Une affaire hors norme. Personne n'est allé en prison, et il n'y aura jamais de responsable pour la mort de ces enfants. Après le volet pénal, seuls deux scientifiques ont dû répondre à la justice civile en 2016 : Fernand Dray, 93 ans alors, qui dirigeait le laboratoire Uria, rattaché à l'Inserm et à l'Institut Pasteur et chargé d'élaborer la poudre d'hypophyse, et l'ancienne pédiatre Elisabeth Mugnier, 66 ans, qui assurait la collecte des hypophyses pour le compte de l'association France Hypophyse.

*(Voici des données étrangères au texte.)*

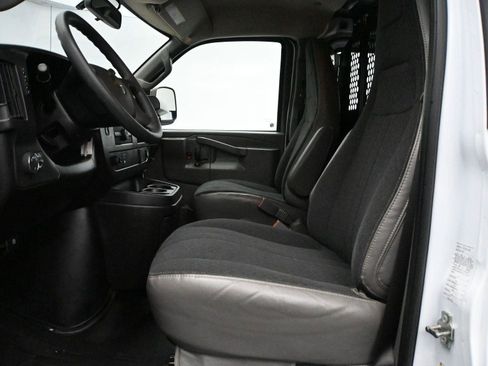 Used 2024 Chevrolet Express 2500 w/ Driver Convenience Package RWD image 7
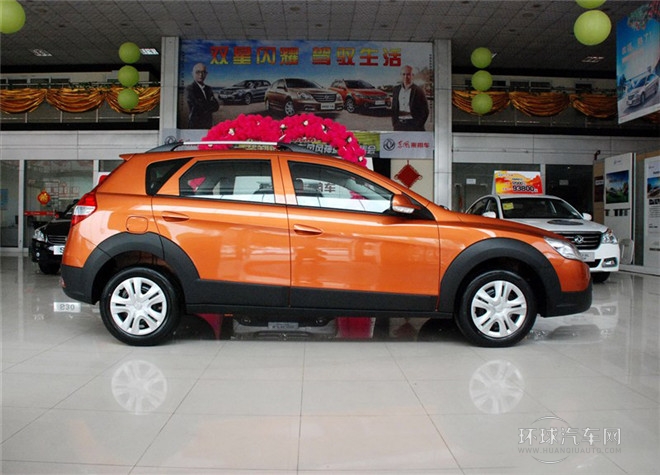 2014款 CROSS 1.5L 手動智驅感恩版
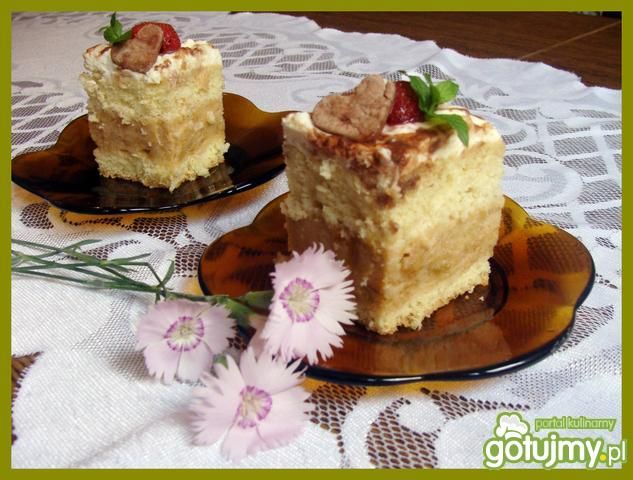 Ciasto z masą rabarbarową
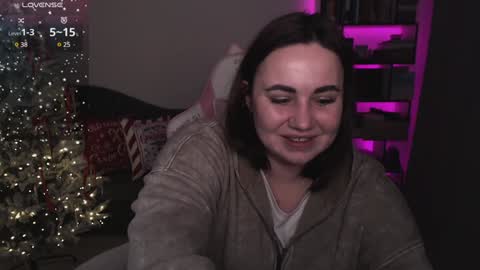 Snapshot of mari_moore7 chatting on December 17, 6:09 pm mari moore online show from December 17, 6:09 pm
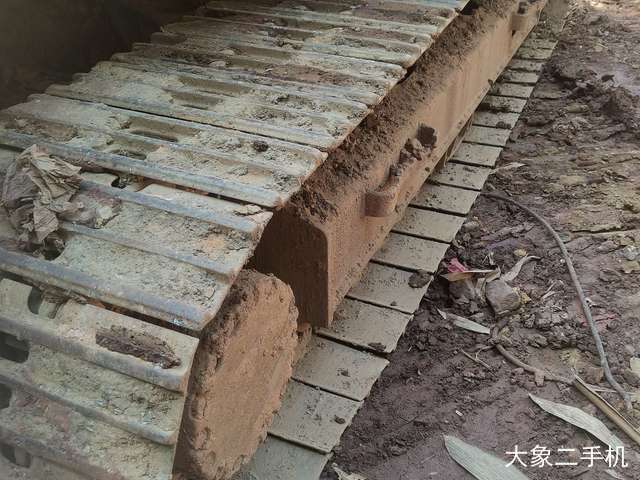 沃尔沃 EC220D 挖掘机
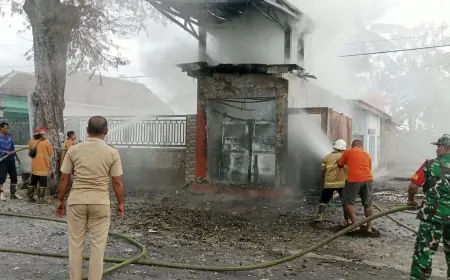 Diduga Korsleting, Pom Mini di Jalur Kawah Ijen Bondowoso Ludes Terbakar, Tiga Pekerja Terluka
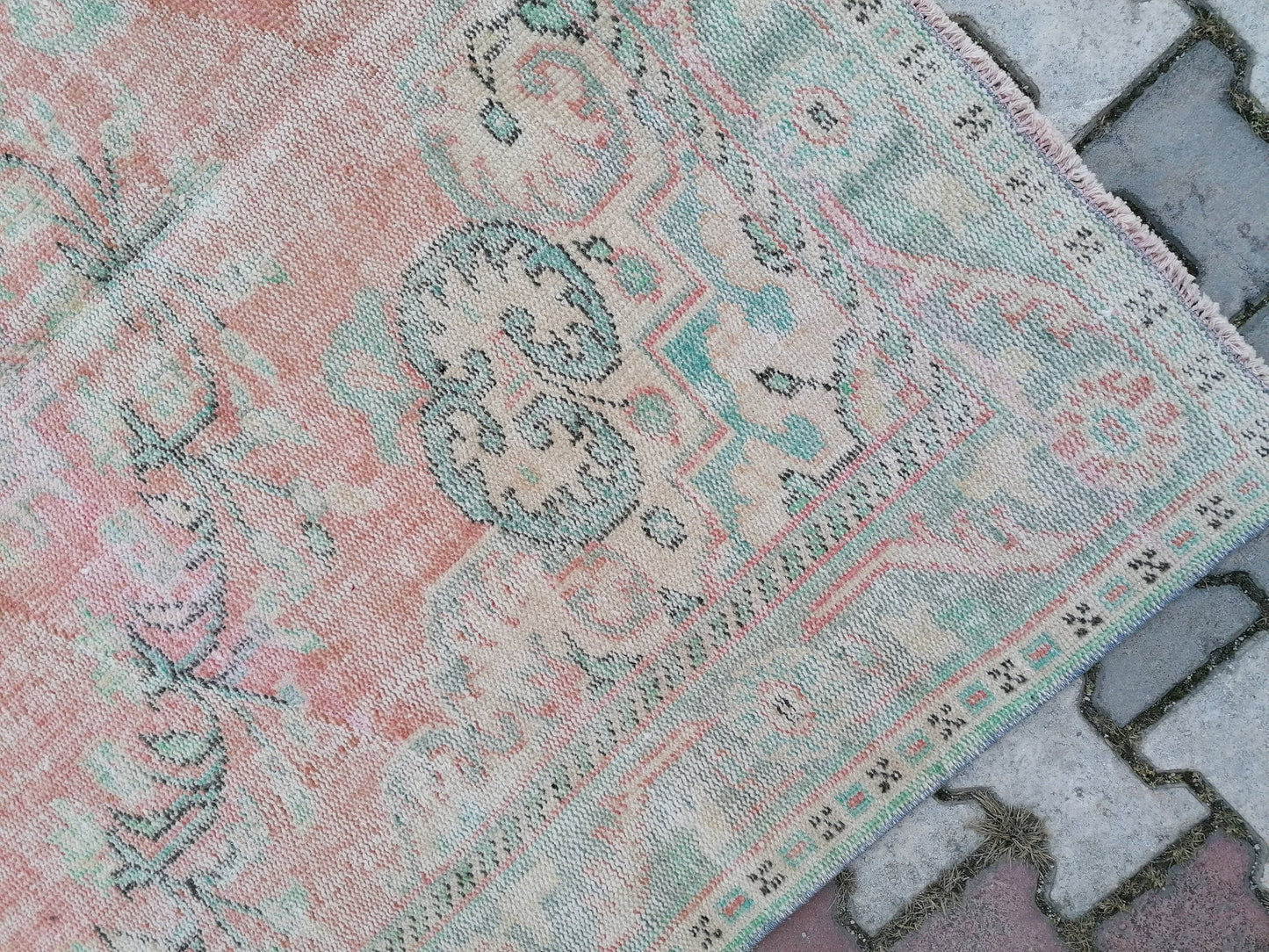 5.9 x 9.5 vintage green rug, dıstressed oushak rug turkish area rug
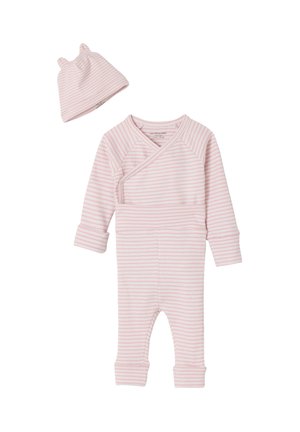 Rosa-weiß gestreifter Baby-Strampler mit langen Ärmeln, Wickelverschluss vorn und passendem Mützchen mit kleinen Ohren, flach auf weißem Hintergrund ausgelegt.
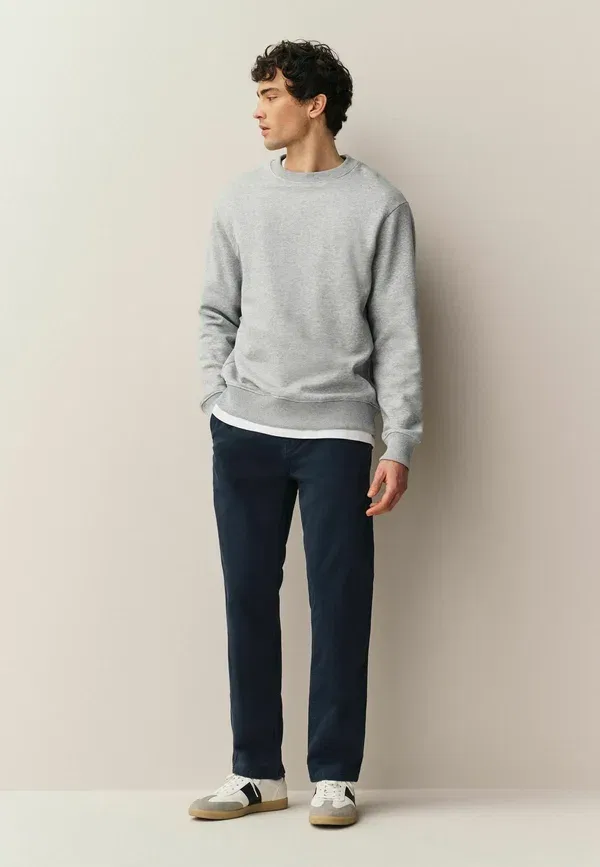 Брюки чинос Next Regular fit authentic washed, синие — фото 2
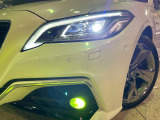 【三眼LEDヘッドライト】スタイリッシュな見た目の三眼LEDヘッドライトを装備♪スタイルだけでなく、夜間の走行も視界良好で安心してお乗りいただけます。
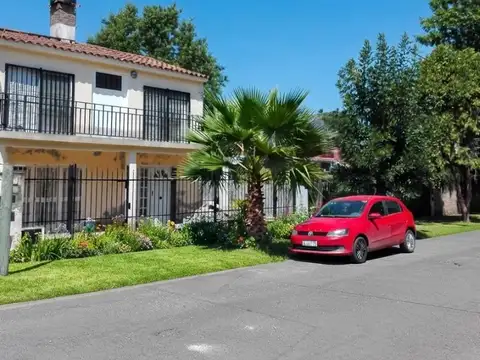 Casa de 3 dormitorios con jardín y parrillero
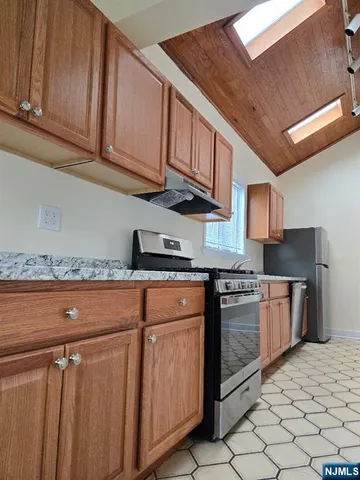 $3,000 | 684 Edgewater Avenue, Unit 1, Ridgefield, NJ 07657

En janvier 2016, la cour d'appel de Paris les a mis hors de cause. Leur responsabilité civile n'a pu être engagée, les «fautes d'imprudence et de négligence» constatées par la justice ayant été commises «dans le cadre de leur mission professionnelle».

«Un naufrage judiciaire», avaient lâché les parties civiles. En appel, l'avocat général avait eu ces mots à l'égard de Fernand Dray : «Ce que l'on vous reproche, c'est ce flou ambiant dans tout le processus de fabrication. Vous n'avez pas été à la hauteur des enjeux, ni de vos responsabilités…» Puis : «Il n'y a rien de crapuleux, de sordide dans tout cela, mais je vous considère comme gravement responsable, par le refus de vous adapter, un manque de recul et de rigueur.» Durant le premier procès, le professeur Dray est resté ferme sur son attitude lorsqu'il dirigeait le laboratoire : «On ne travaillait pas plus mal que les industriels. Notre travail était remarquable, nous n'avons pas eu de chance. Et j'en suis malheureux.» Plus de 120 enfants n'ont pas eu de chance.